Former President Donald Trump's weekly lunches with his vice president Mike Pence at the White House followed a familiar routine, according to a forthcoming book by journalist Michael Wolff.

"The lunches were specifically meant to be an opportunity for Pence to tell the president exactly how hard he was working for him," Wolff writes in excerpt of the book "Landslide: The Final Days of the Trump Presidency" published by The Times of London. "He usually got ten minutes to do this before Trump snapped on the television and launched into his current list of grievances."

Trump wondered how Pence "could be such a 'stiff' and a 'square,'' the book says, "and likewise, as though a corollary, he regarded Pence as someone not tough, as someone who, he increasingly pointed out, could be 'rolled'."

But after the 2020 election, Pence dismissed the argument that he, as the vice president, could reject what Trump considered to be "fraudulently chosen electors" and prevent Congress from certifying the election results. The book notes that Trump and his lawyer Rudy Giuliani's first hope was that Pence would immediately upset the election by certifying Trump as president.

The excerpt describes their discussion on January 5, the day before the insurrection by Trump supporters at the US Capitol, when Pence refused Trump's demands to block the election of President Joe Biden.

The two were alone together in the Oval Office after their lunch had been rescheduled to a meeting, Wolff reports, and Pence listened to Trump describe the "stolen election," but didn't disagree with him. The former president talked of Pence's "heroic place in history" if he did what Trump considered was right, Wolff wrote.

"Trump pressed further, in a line he would leak straight away and that he would be repeating for months to come: 'Do you want to be a patriot or pussy?'" Wolff wrote. "Pence, not rising to the bait, repeated that, in the overwhelming opinion of those constitutional experts he had consulted, the Constitution did not give him the authority to do what the president thought he could do."

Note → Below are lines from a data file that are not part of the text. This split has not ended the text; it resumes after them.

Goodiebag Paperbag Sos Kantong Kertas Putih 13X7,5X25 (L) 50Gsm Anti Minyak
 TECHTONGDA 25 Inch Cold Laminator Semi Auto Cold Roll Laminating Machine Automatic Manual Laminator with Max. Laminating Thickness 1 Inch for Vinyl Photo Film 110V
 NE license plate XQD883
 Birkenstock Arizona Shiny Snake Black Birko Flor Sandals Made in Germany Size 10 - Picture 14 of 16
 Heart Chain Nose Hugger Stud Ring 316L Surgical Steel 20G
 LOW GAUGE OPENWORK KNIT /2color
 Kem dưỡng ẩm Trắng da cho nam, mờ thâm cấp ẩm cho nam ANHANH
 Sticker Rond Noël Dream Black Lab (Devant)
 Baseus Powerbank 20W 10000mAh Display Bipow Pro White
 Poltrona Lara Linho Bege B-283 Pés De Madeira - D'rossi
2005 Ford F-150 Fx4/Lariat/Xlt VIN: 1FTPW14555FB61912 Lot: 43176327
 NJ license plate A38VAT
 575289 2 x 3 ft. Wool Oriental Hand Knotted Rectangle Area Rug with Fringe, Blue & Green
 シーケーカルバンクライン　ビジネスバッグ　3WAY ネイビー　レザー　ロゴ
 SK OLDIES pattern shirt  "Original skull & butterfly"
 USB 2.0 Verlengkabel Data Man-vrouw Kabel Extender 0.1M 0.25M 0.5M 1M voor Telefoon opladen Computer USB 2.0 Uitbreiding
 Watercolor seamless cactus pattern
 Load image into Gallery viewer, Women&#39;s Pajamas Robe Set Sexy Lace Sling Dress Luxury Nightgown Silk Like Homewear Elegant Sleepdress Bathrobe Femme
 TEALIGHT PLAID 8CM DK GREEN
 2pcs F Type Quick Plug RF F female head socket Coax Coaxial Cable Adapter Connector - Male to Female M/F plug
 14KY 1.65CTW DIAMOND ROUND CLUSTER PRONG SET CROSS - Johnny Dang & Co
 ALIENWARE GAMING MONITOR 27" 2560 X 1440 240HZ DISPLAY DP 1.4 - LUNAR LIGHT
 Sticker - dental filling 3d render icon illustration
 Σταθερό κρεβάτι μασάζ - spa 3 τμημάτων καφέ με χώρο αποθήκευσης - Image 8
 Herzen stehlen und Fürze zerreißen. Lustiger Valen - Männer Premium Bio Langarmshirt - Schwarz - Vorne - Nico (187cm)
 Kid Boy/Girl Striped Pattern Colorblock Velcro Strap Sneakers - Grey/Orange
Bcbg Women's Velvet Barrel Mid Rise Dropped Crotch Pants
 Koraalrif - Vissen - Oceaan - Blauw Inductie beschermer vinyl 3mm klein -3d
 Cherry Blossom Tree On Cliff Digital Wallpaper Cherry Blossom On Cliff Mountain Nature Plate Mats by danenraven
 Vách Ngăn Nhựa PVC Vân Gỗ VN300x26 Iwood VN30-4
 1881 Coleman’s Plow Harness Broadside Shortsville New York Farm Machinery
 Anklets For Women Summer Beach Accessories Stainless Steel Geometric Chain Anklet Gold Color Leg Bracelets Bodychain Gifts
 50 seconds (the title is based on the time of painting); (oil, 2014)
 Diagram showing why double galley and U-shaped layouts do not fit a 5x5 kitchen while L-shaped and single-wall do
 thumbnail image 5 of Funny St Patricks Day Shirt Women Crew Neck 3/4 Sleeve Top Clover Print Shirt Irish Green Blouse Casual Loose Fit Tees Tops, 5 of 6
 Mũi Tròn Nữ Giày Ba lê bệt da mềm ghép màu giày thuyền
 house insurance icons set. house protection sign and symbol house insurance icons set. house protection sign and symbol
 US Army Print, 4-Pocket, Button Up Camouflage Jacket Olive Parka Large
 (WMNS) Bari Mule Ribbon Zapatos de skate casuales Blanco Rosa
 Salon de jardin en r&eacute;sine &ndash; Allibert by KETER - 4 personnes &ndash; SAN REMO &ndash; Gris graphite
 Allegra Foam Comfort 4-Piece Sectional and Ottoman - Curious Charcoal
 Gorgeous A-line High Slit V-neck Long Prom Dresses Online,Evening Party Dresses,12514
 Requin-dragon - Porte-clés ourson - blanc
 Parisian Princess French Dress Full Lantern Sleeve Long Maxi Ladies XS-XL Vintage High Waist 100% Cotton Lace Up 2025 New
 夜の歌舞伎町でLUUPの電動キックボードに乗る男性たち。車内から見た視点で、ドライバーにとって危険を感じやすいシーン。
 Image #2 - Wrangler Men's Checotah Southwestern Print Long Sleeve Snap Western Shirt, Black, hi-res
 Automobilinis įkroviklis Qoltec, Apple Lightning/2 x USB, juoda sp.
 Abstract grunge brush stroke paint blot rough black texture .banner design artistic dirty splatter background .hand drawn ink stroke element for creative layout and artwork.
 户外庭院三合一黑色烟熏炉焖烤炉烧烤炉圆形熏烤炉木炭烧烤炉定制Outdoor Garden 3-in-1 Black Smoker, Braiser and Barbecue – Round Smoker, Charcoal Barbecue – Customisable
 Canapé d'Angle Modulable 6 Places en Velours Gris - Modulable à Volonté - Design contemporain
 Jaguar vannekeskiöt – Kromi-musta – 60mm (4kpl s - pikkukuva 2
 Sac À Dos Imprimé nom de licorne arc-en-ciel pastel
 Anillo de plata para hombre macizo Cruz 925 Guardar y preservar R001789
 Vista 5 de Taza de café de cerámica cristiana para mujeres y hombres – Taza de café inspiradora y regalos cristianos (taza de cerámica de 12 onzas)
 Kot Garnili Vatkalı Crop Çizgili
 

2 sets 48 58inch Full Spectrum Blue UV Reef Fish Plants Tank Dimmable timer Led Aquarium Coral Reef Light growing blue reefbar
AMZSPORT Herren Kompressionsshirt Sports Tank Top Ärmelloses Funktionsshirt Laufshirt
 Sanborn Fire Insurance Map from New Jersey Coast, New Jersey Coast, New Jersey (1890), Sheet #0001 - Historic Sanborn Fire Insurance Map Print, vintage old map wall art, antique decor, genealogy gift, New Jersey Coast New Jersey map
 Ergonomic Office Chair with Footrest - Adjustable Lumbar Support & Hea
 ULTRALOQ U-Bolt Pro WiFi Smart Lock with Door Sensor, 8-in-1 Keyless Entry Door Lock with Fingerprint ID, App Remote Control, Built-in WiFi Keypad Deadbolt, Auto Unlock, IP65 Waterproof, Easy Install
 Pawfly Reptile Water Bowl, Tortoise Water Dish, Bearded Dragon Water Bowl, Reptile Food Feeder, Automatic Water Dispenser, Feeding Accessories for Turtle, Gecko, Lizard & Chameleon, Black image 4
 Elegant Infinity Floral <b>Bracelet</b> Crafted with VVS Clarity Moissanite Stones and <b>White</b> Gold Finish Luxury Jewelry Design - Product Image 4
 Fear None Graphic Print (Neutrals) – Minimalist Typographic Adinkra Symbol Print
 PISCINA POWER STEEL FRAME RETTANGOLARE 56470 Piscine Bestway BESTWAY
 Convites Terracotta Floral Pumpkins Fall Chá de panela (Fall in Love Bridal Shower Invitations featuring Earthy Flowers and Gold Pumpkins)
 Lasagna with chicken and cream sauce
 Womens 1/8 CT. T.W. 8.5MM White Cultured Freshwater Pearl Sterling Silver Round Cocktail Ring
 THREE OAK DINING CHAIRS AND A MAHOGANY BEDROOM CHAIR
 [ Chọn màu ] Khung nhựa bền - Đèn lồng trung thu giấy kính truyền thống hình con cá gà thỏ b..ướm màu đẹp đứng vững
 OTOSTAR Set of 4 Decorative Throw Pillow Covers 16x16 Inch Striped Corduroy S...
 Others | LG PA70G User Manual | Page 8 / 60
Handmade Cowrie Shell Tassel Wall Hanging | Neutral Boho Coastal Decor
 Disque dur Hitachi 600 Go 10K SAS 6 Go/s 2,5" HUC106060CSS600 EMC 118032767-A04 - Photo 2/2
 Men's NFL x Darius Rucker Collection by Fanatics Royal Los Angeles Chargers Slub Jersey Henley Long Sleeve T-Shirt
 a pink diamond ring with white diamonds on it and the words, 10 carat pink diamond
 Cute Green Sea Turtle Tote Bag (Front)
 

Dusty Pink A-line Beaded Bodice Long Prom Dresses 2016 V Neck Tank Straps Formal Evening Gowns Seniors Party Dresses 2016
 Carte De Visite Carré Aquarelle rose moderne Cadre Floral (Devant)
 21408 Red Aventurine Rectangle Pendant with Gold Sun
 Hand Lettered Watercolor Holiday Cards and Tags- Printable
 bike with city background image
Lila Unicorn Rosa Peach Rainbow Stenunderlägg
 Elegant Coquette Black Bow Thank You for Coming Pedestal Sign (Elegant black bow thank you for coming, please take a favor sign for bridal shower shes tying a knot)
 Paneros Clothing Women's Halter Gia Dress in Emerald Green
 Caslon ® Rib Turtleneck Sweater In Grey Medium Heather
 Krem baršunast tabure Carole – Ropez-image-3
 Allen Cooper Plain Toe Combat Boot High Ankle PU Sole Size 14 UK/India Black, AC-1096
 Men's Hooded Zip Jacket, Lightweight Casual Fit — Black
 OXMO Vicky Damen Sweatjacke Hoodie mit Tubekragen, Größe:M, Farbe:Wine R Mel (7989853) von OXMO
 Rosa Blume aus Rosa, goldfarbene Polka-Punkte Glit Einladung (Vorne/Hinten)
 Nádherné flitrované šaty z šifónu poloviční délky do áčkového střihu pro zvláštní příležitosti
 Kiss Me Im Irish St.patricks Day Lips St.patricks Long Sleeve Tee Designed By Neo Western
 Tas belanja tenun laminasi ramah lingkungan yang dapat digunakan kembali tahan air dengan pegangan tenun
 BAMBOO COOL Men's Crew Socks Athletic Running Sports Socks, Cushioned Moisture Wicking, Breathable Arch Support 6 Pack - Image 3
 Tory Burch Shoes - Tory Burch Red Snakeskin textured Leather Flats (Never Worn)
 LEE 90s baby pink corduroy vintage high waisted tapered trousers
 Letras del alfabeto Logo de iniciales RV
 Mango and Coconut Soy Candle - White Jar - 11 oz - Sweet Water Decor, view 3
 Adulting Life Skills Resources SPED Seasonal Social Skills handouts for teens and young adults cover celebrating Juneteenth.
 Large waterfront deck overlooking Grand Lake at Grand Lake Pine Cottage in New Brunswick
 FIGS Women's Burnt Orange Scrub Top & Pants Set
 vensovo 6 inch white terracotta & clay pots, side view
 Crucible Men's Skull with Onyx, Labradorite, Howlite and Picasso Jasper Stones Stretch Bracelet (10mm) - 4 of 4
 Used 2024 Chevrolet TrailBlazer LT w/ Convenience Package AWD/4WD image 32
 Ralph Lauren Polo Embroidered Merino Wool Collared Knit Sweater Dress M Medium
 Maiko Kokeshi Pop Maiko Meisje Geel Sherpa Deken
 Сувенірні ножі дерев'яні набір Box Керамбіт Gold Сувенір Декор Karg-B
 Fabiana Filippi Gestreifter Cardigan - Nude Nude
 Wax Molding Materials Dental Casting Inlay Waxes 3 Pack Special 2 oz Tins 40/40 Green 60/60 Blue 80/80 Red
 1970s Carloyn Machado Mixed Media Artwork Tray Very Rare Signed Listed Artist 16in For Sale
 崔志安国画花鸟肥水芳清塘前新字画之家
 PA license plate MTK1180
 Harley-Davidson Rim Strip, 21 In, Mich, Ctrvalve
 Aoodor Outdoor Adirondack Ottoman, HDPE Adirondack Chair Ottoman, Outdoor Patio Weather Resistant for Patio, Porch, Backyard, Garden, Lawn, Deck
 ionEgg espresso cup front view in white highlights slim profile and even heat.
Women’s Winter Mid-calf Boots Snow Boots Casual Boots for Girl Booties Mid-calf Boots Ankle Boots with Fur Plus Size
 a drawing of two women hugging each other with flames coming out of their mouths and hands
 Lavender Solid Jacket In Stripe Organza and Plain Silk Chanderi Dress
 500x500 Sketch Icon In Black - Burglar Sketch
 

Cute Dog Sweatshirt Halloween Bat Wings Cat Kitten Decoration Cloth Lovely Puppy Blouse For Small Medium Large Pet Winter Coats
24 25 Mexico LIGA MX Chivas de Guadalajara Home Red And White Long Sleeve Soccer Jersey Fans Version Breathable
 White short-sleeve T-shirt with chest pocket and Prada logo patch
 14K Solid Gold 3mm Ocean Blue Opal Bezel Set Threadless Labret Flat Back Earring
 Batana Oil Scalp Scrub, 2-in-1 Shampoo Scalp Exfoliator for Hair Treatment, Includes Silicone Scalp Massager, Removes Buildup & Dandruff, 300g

Last month, Pence reiterated his view that the vice president has "no such authority" to reject or return electoral votes certified by the states and hit back at Trump's continued attacks on him without mentioning the former president by name, Insider's Tom LoBianco reported.

"The truth is there is almost no idea more un-American than the idea that one person could choose the president," Pence told a crowd assembled at the Reagan Library in California. "The presidency belongs to the American people, and the American people alone."